ETHIOPIA'S PARLIAMENT APPROVES SAHLE-WORK ZEWDE AS FIRST FEMALE PRESIDENT

Sahle-Work Zewde, director-general of the United Nations Office at Nairobi, prepares to address delegates attending the first United Nations Environment Assembly (UNEA) in Nairobi, Kenya June 23, 2014.
ADDIS ABABA (Reuters) - Ethiopia’s parliament has approved senior diplomat Sahle-Work Zewde as the country’s first female president, proceedings on state television showed, cementing another shift in the country’s political system from Prime Minister Abiy Ahmed.

Sahle-Work is at present U.N. under-secretary general and special representative of the secretary general to the African Union.
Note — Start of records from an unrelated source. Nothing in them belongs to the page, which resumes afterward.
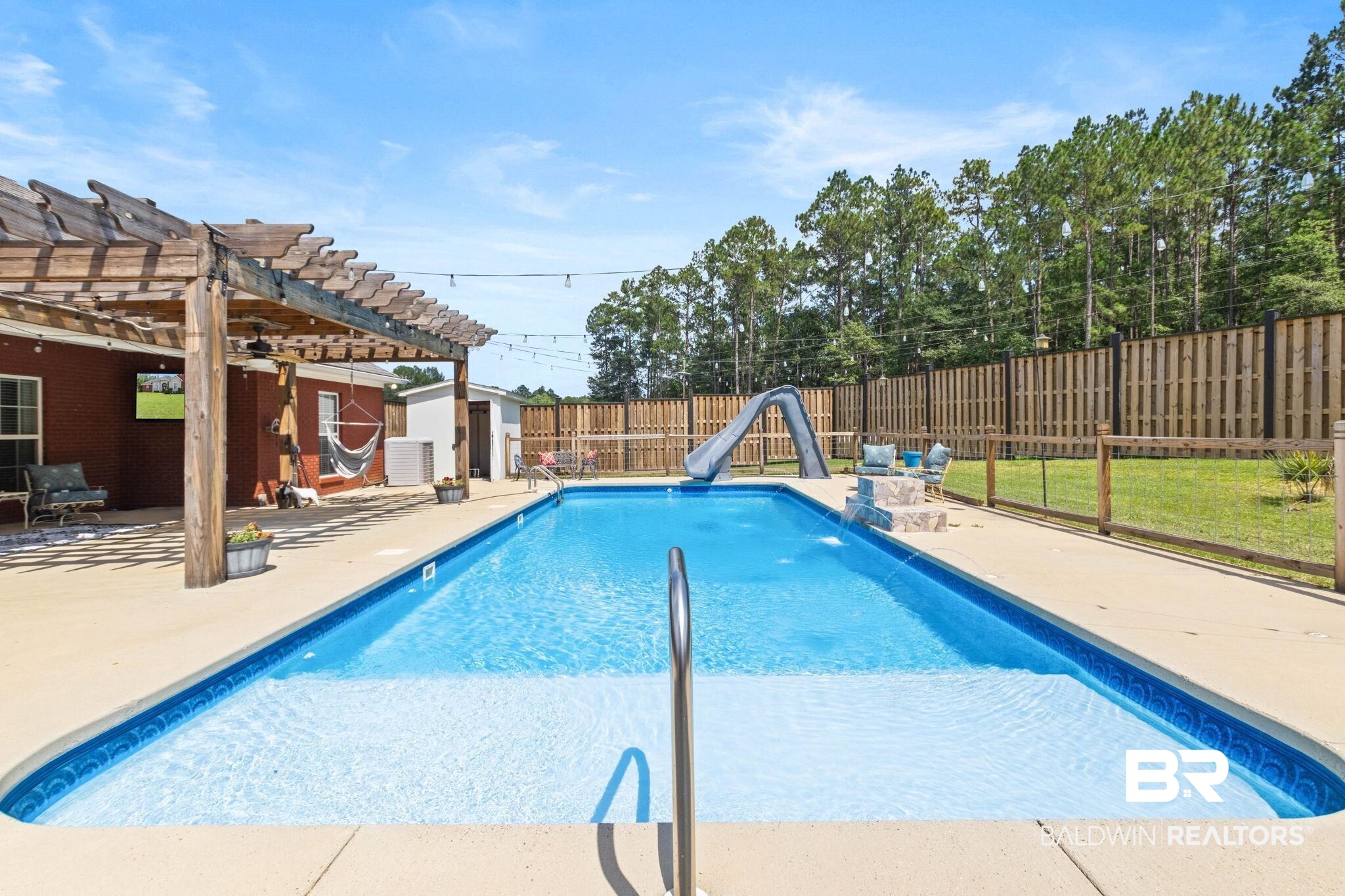 79 Whitetail Run Chatom, AL 36518 - Photo 68 of 82 Rectangular in-ground swimming pool with an attached slide, surrounded by a concrete patio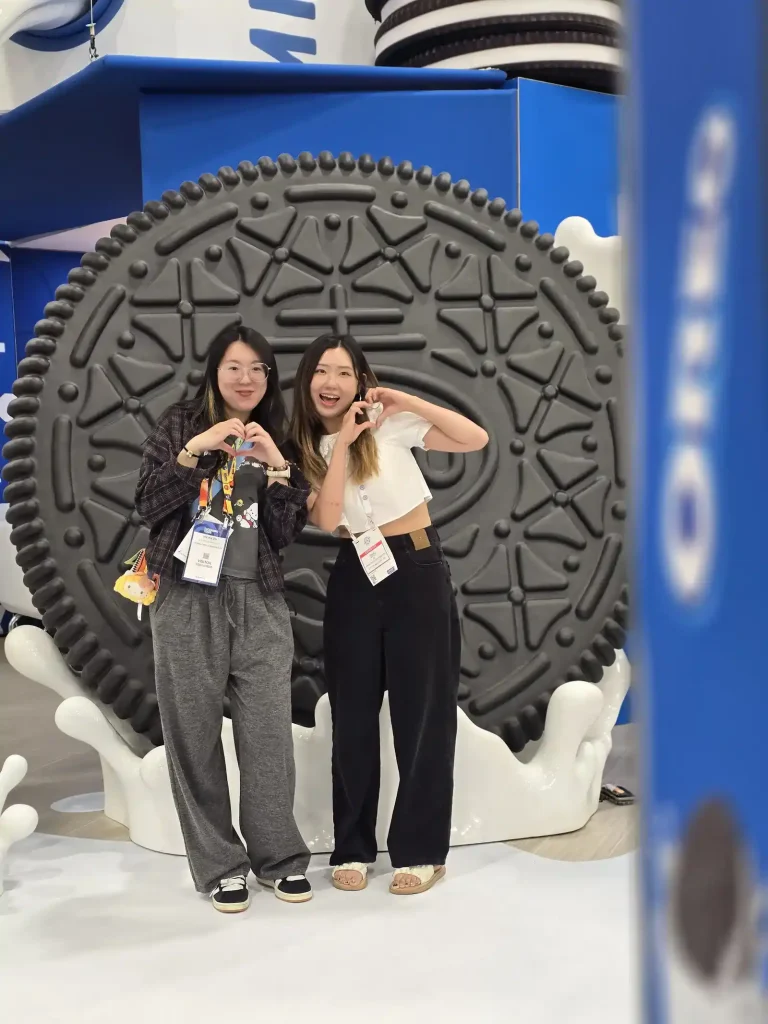 Two ladies posing in front of the big oreo before their photo is taken.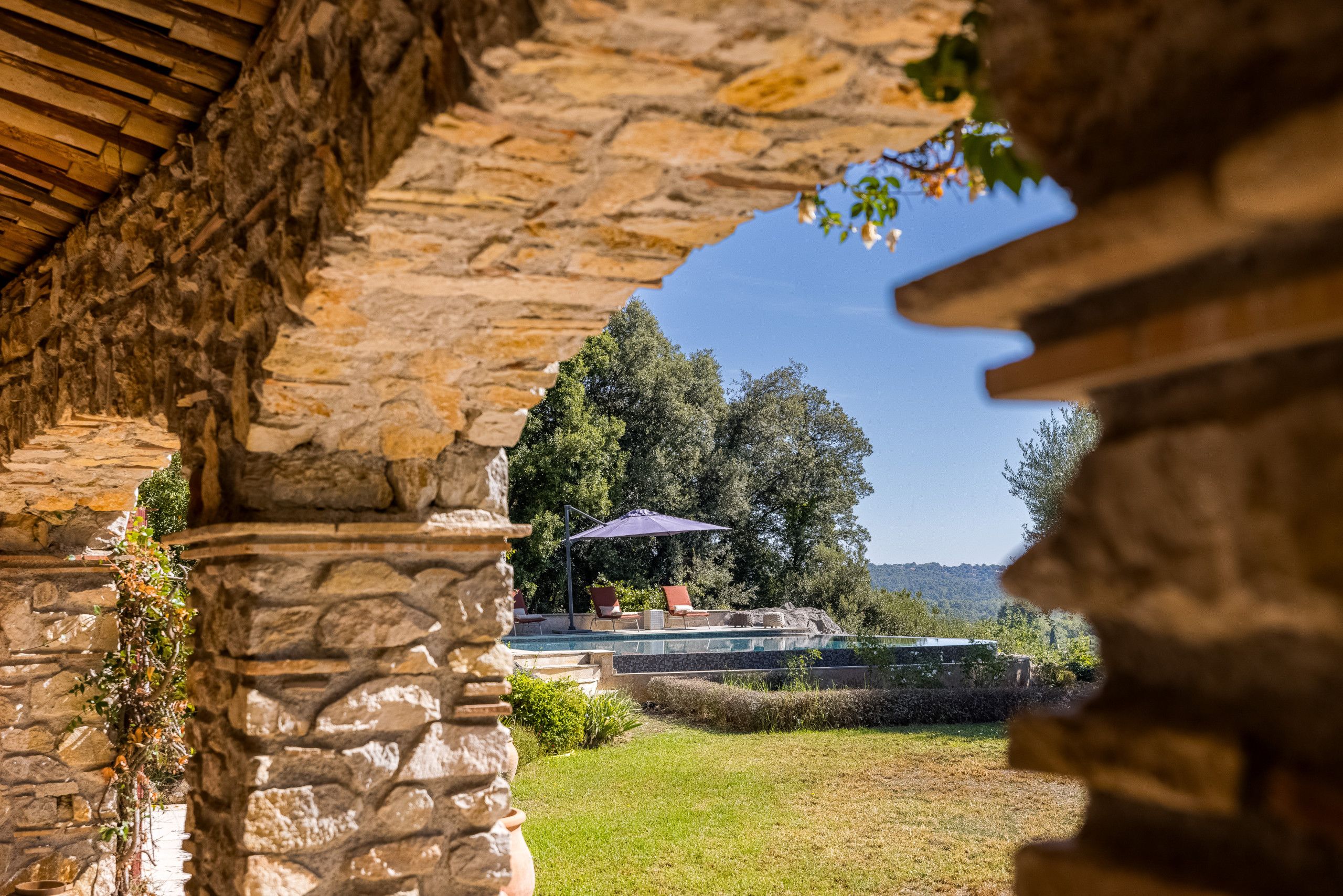 An outdoor swimming pool area with stone walls and a view of trees and hills.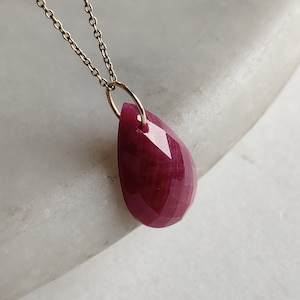 Puede incluir: Un collar con un colgante de rubí en forma de lágrima y una cadena de oro. El rubí es de color rojo intenso y tiene un corte facetado.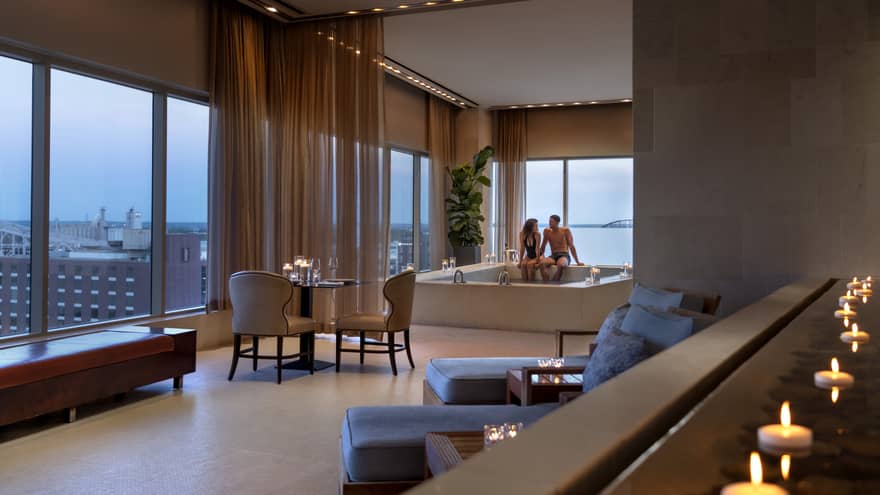 A couple enjoying a candlelit hot tub in a luxury hotel spa, with elegant seating, soft lighting and large windows offering a view of a distant bridge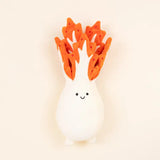 White plush kimchi toy with orange leaves on a beige background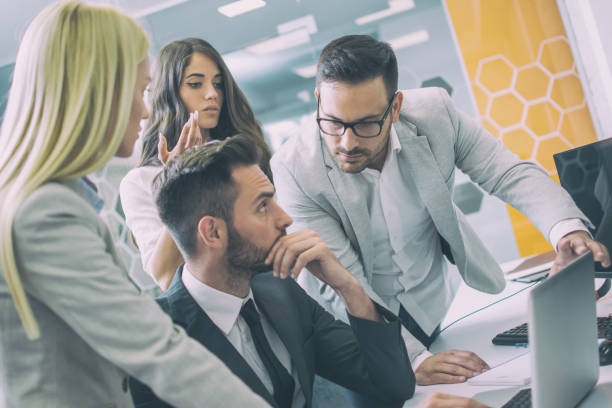 istock Group of young confident business people analyzing data using laptop during a meeting in the office 1191015304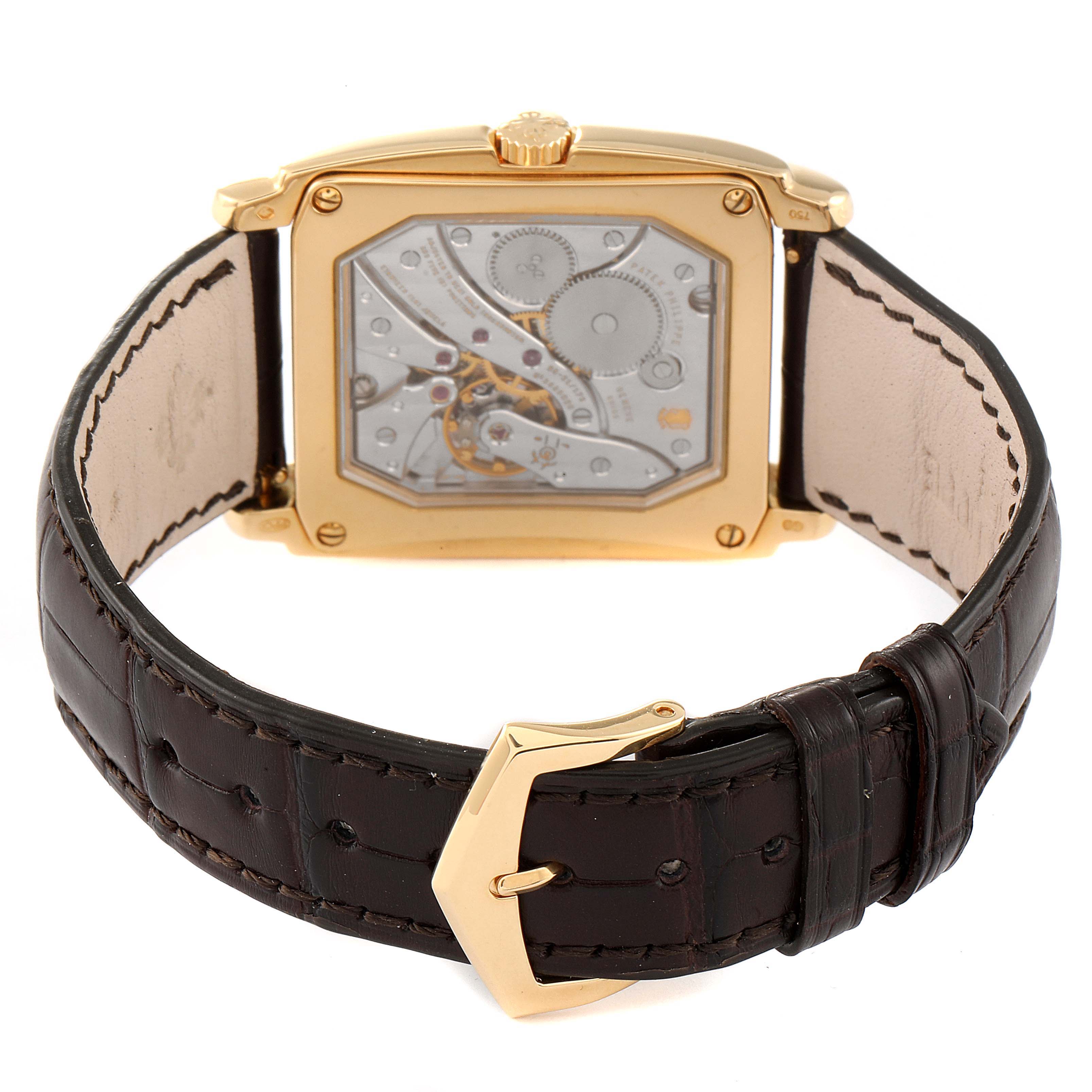 The image shows the back view of a Patek Philippe Gondolo 5124J Men's Yellow Gold Silver Dial 5124J Men's Yellow Gold Silver Dial watch, highlighting its mechanical movement and leather strap.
She replaces Mulatu Teshome Wirtu, who tendered his resignation to parliament earlier on Wednesday.

The president’s post is a ceremonial one in Ethiopia. The prime minister, who is the head of state, holds executive power.

“In a historic move, the two Houses has elected Ambassador Shalework Zewde as the next President of #Ethiopia. She is the first female head of state in modern Ethiopia,” Fitsum Arega, Abiy’s chief of staff, said on Twitter.


“In a patriarchal society such as ours, the appointment of a female head of state not only sets the standard for the future but also normalises women as decision-makers in public life.”

Last week, when the prime minister reshuffled his cabinet, he appointed 10 female ministers, making Ethiopia the third country in Africa, after Rwanda and Seychelles, to achieve gender parity in their cabinets.